(Working data begins)
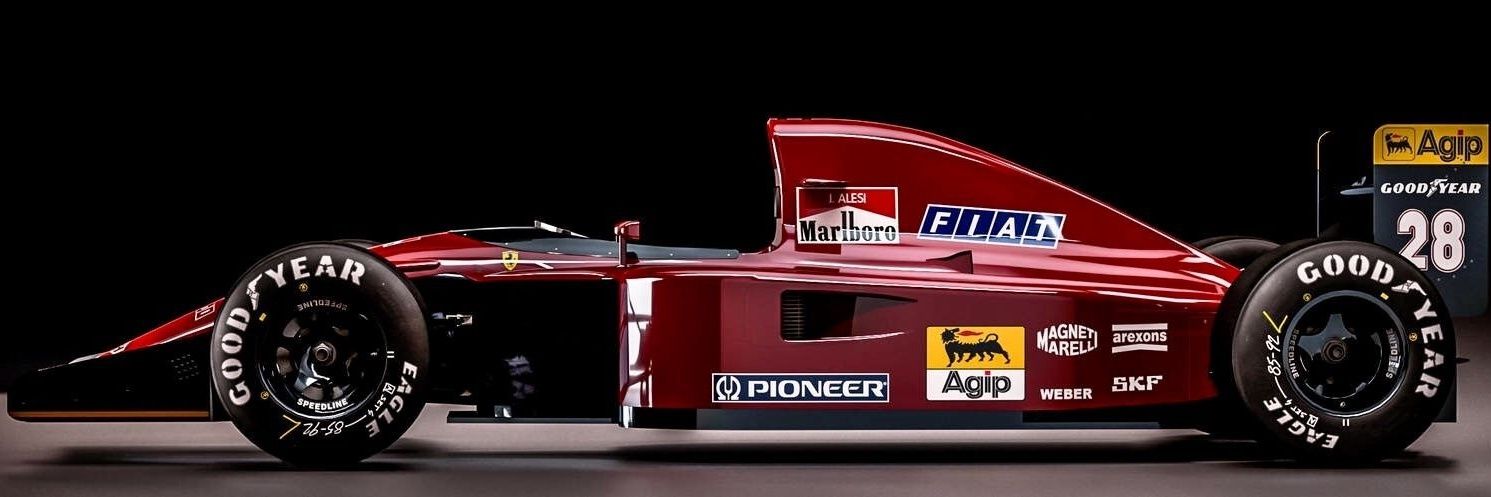 nfwwf0000's profile banner image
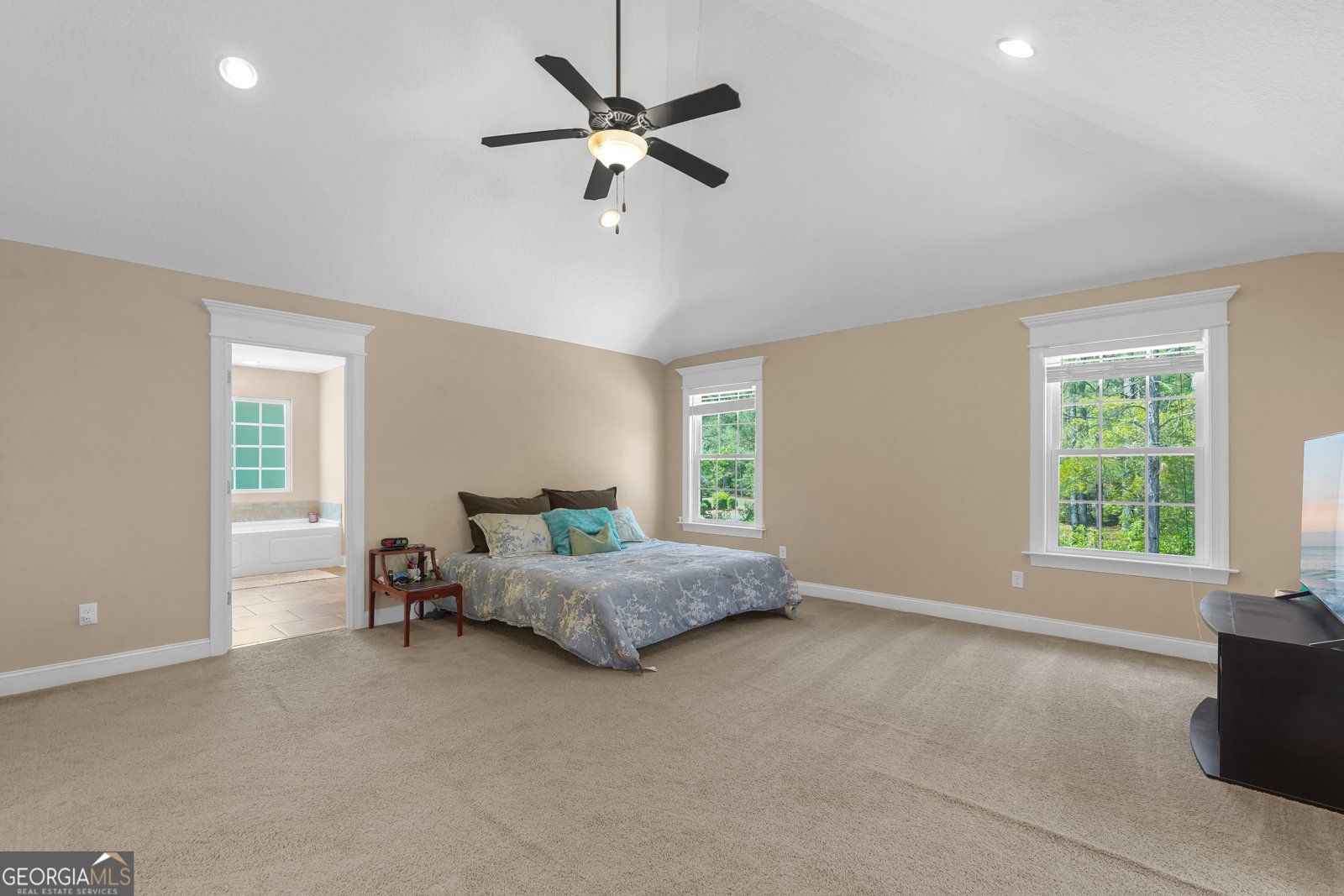 1615 Stanford Drive Statesboro - Photo 32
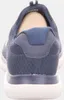 Skechers Boty Summits, 52811NVY Náhled obrázku produktu 24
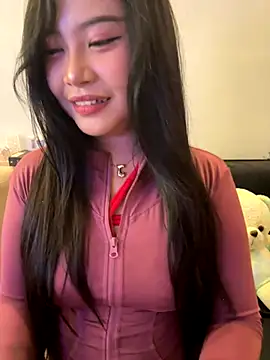 jinawaves online show from 01-09-26, 08:54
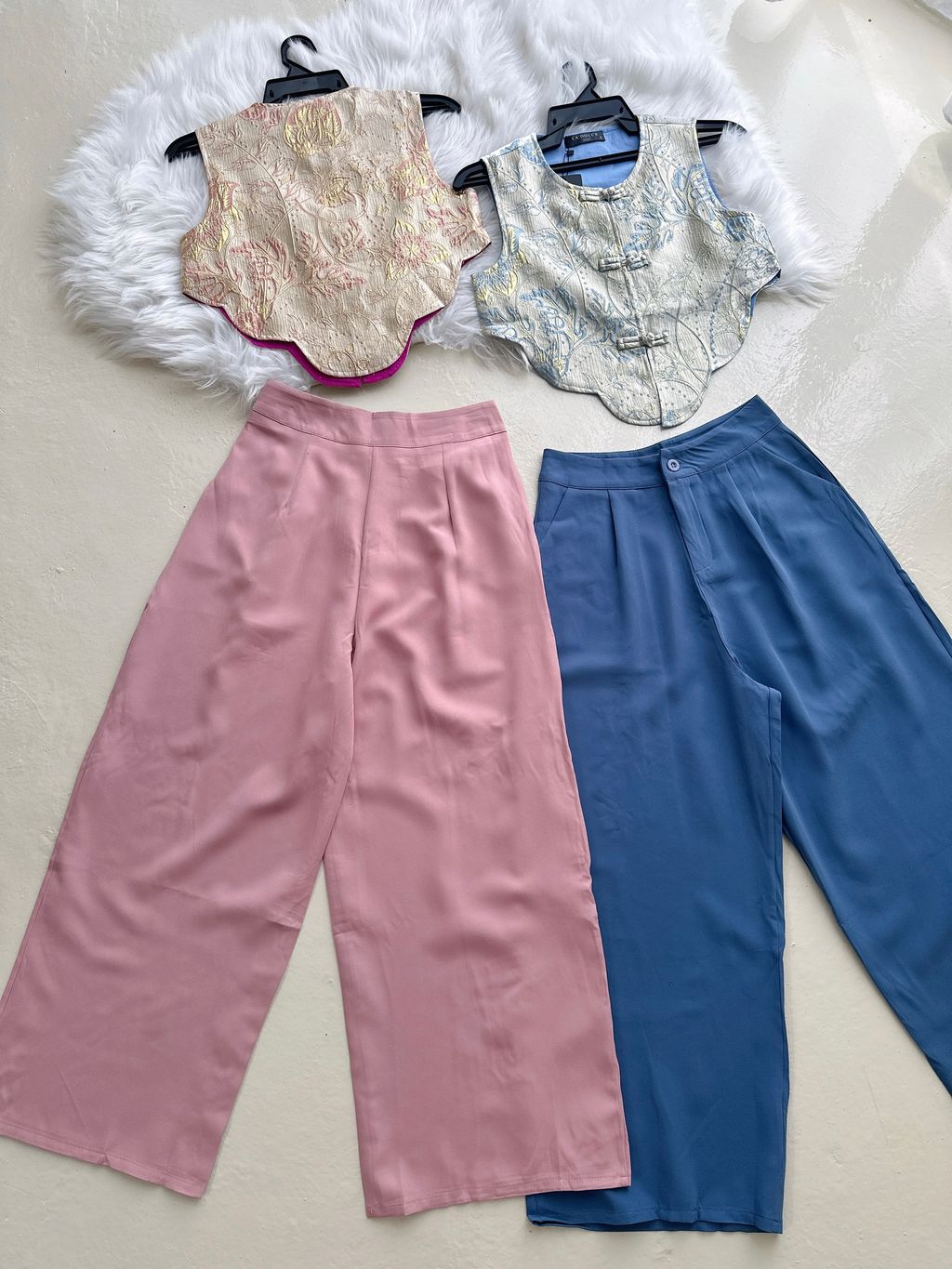 image_D53FBF77-4029-4F76-9835-3E0452808190_1764150619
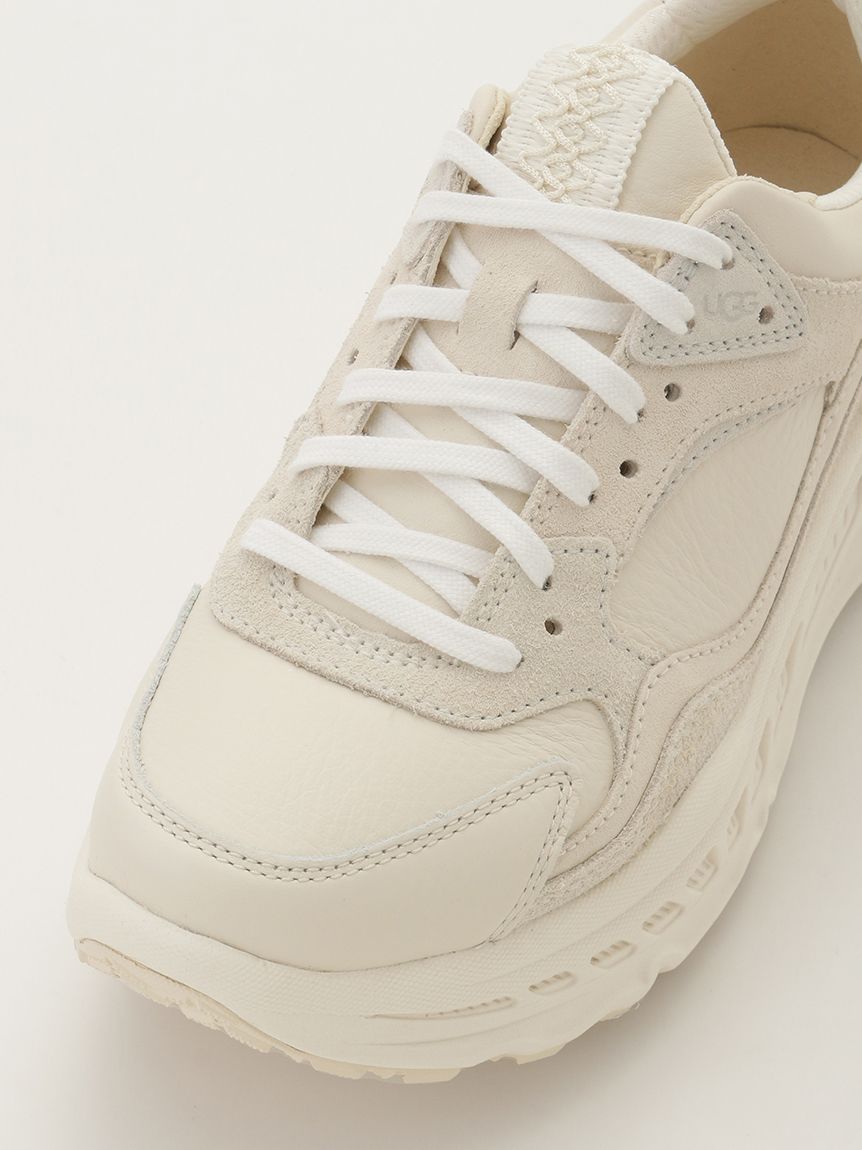 UGG】M CA805(スニーカー)｜シューズ｜emmi（エミ）の通販サイト 【公式】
(Working data ends)
Task –
Write out again, exactly, each line from the one containing "1615 Stanford Drive Statesboro - Photo 32" through the last line of the entries, and omit every picture.

Response area –
 1615 Stanford Drive Statesboro - Photo 32
 Skechers Boty Summits, 52811NVY Náhled obrázku produktu 24
 jinawaves online show from 01-09-26, 08:54
 image_D53FBF77-4029-4F76-9835-3E0452808190_1764150619
 UGG】M CA805(スニーカー)｜シューズ｜emmi（エミ）の通販サイト 【公式】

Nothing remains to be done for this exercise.